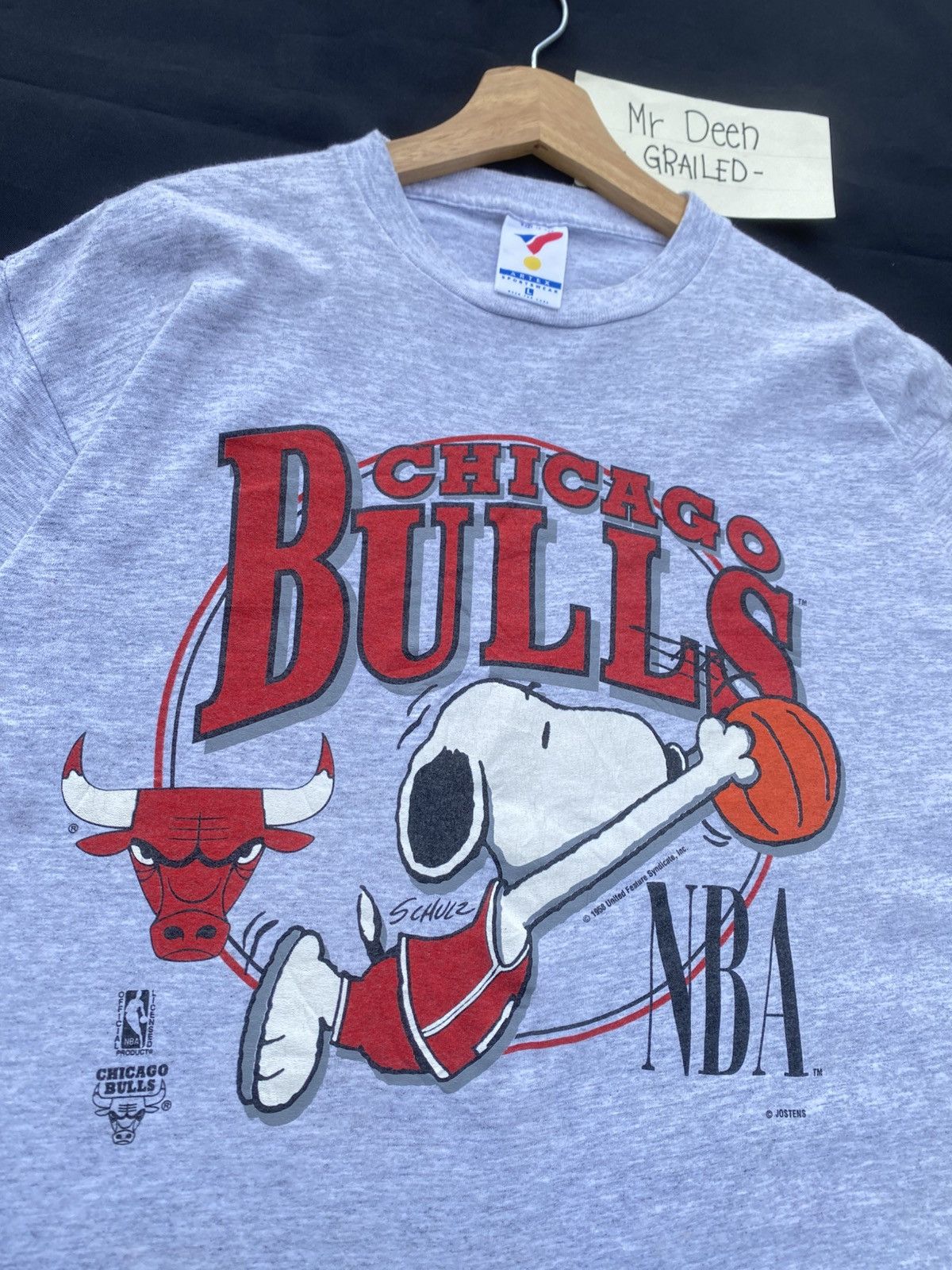 NBA Rare Vintage 90s Chicago Bulls X Snoopy Tshirt Size US L / EU 52-54 / 3 - 13 Thumbnail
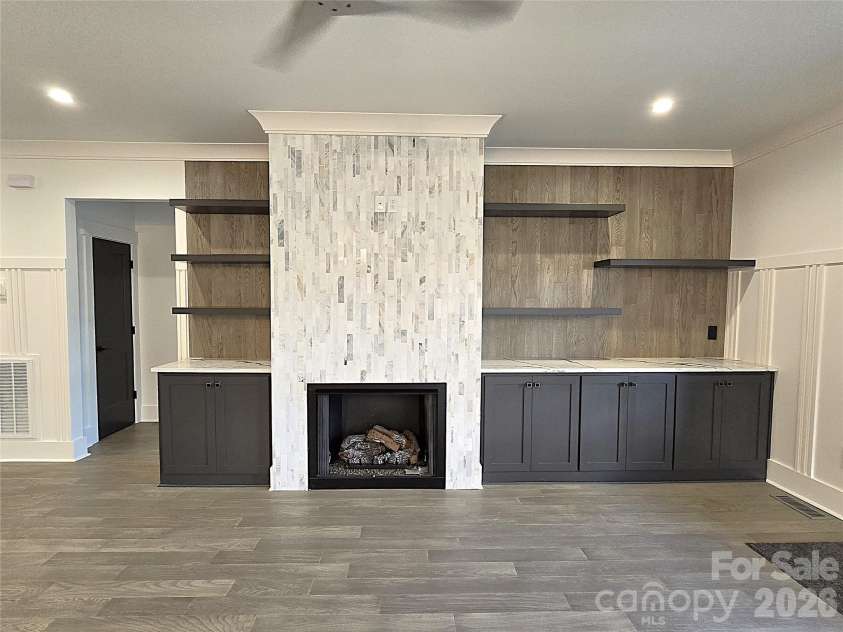 496 19th Avenue Circle, Hickory, NC 28601.  MLS# CAR4206259, YatesRealty ID 9866. 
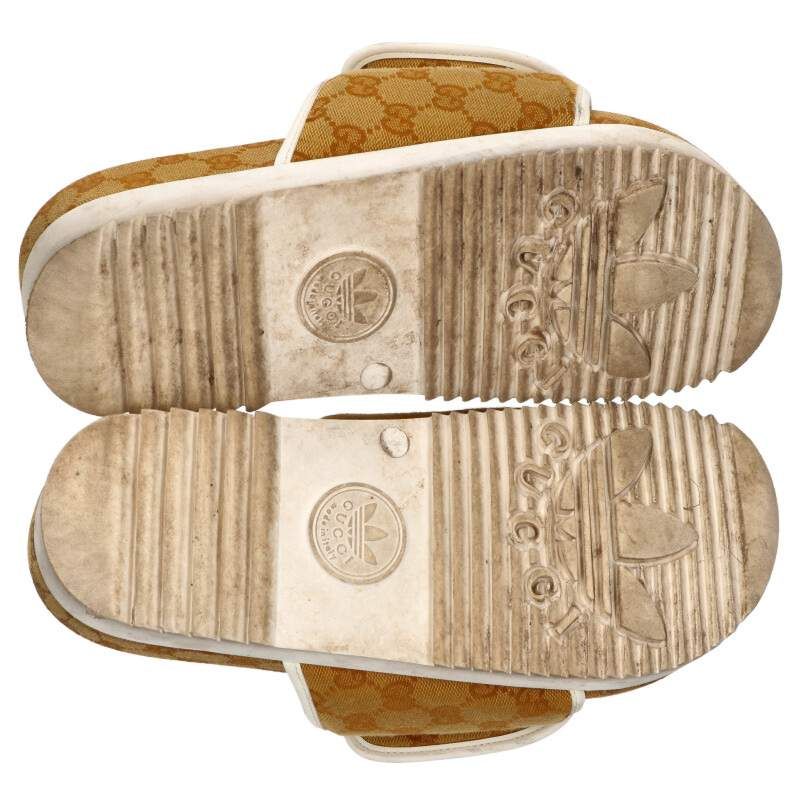 グッチ アディダス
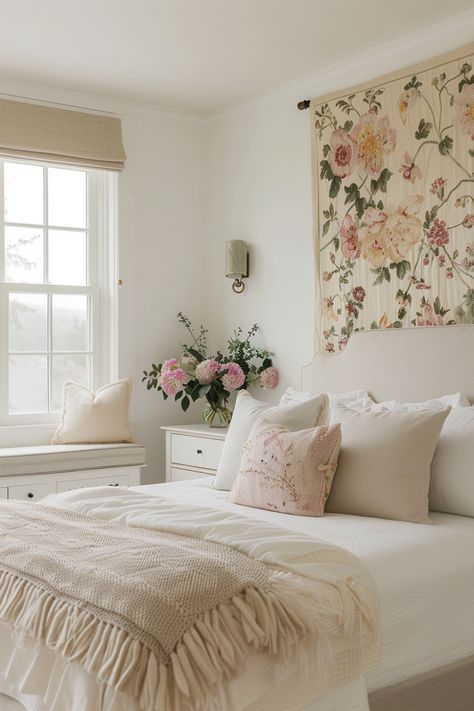 Girly Cottagecore Bedroom, Girly Cottage Core Bedroom, Floral Vintage Bedroom, Princess Cottagecore Room, Modern Cottage Bedroom Ideas, Vintage Room Ideas Bedroom, Classy Room Aesthetic, Comfortable Bedroom Ideas, Vintage Feminine Bedroom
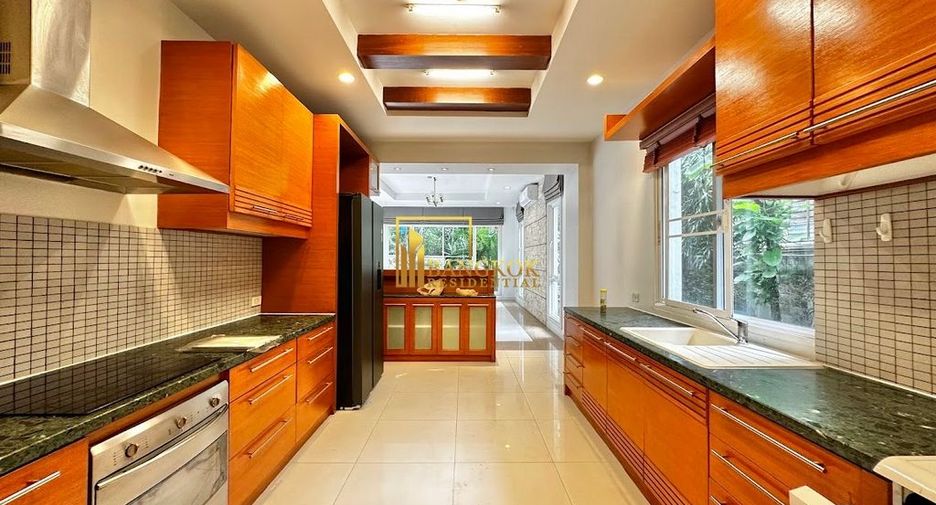 For rent 4 ベッドルーム villa in Khlong Toei, Bangkok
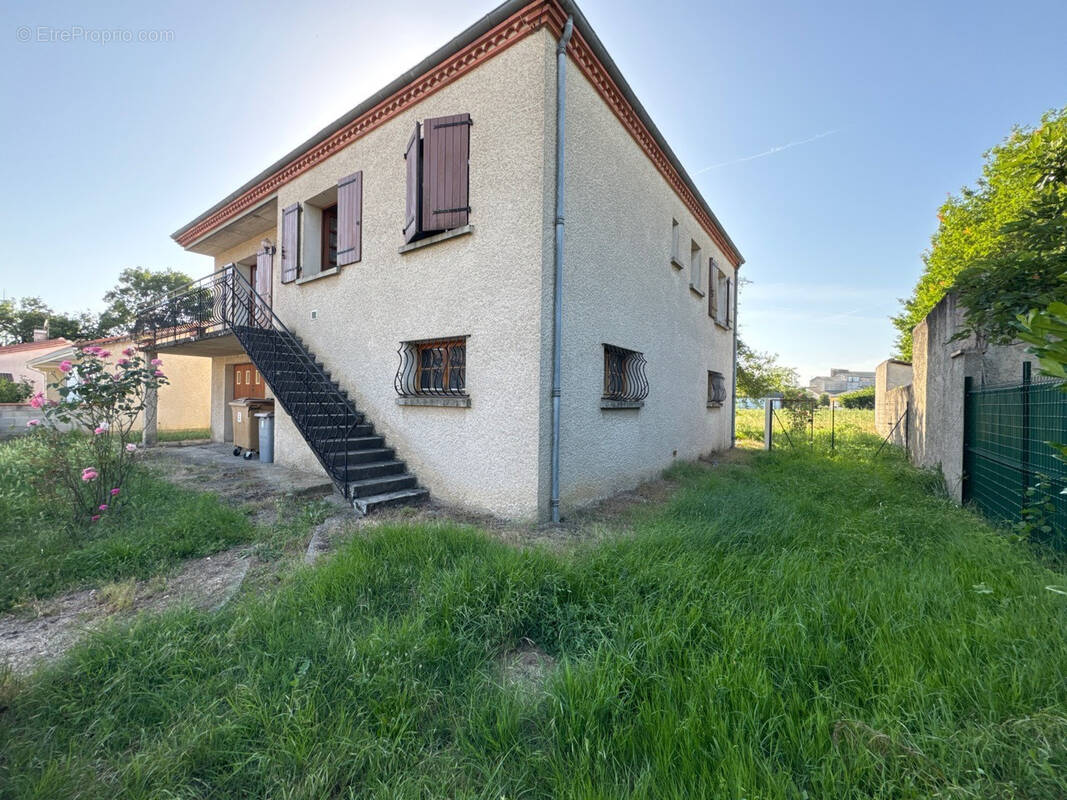 Maison à SAINT-JUERY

Problem details:
Leave out each picture and extract the lines from the one containing "496 19th Avenue" through the end of the records above, inclusive, exactly as they stand.

Final answer:
 496 19th Avenue Circle, Hickory, NC 28601.  MLS# CAR4206259, YatesRealty ID 9866. 
 グッチ アディダス
 Girly Cottagecore Bedroom, Girly Cottage Core Bedroom, Floral Vintage Bedroom, Princess Cottagecore Room, Modern Cottage Bedroom Ideas, Vintage Room Ideas Bedroom, Classy Room Aesthetic, Comfortable Bedroom Ideas, Vintage Feminine Bedroom
 For rent 4 ベッドルーム villa in Khlong Toei, Bangkok
 Maison à SAINT-JUERY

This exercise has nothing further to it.